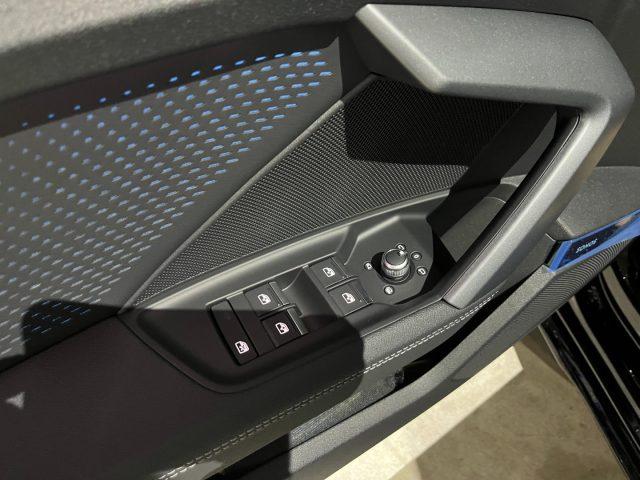 AUDI A3 SPB 35 TDI S line"18 Sline BLACK/MATRIX/TETTO/360°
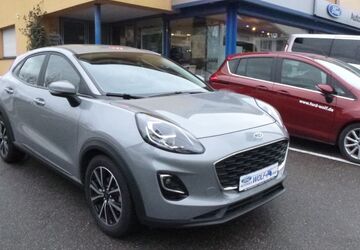 Ford Puma 82.990 km 13.990 &euro; Weingarten 76356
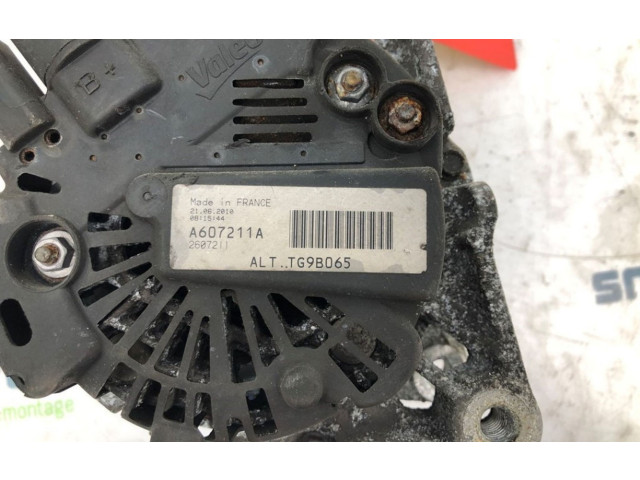 Генератор 5705AW, 5705AW   Citroen C2      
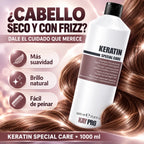 Kaypro – Champú para Cabello Dañado con Keratina 1000 ml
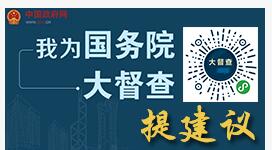 我為大督查提建議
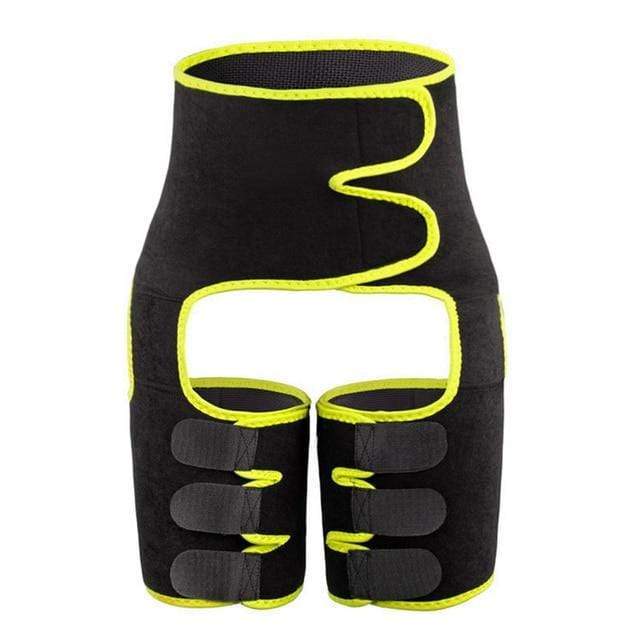 NovaFlex Hip and Thigh Support Band for Pain Relief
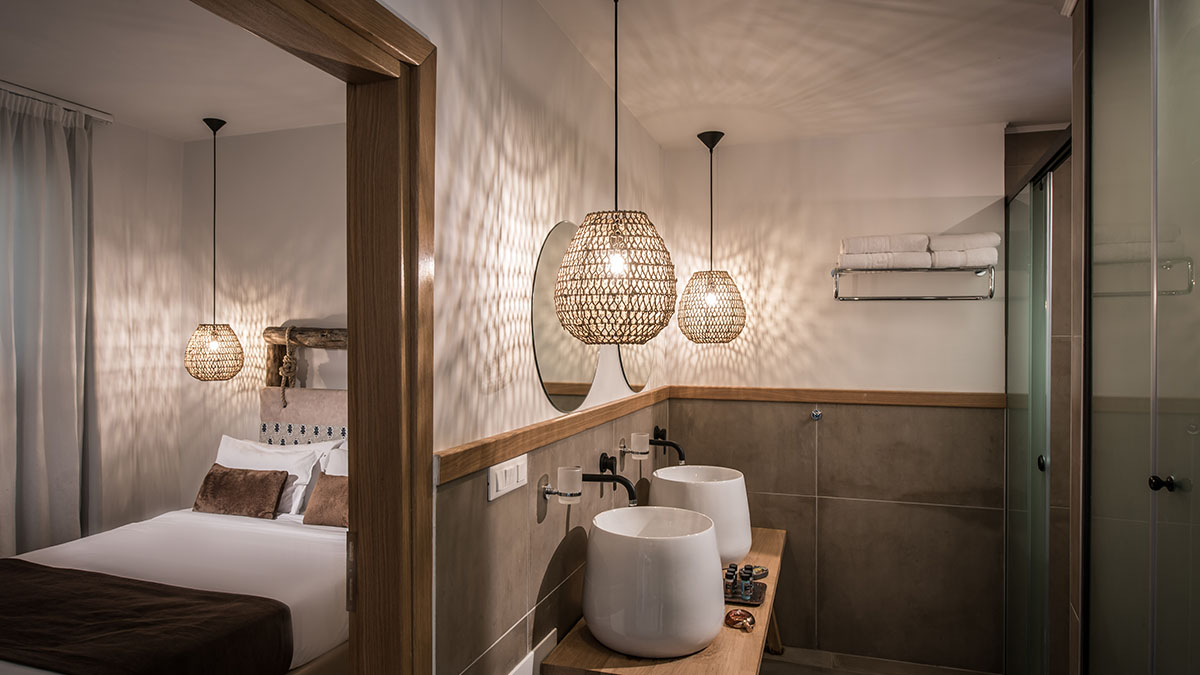 Deluxe Apartment Sea View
....
* _WHAT TO DO_: Take the lines from the one containing "NovaFlex Hip and" through the last line of the listing and repeat them exactly. Omit the pictures.

* _SOLUTION BELOW_:
 NovaFlex Hip and Thigh Support Band for Pain Relief
 Deluxe Apartment Sea View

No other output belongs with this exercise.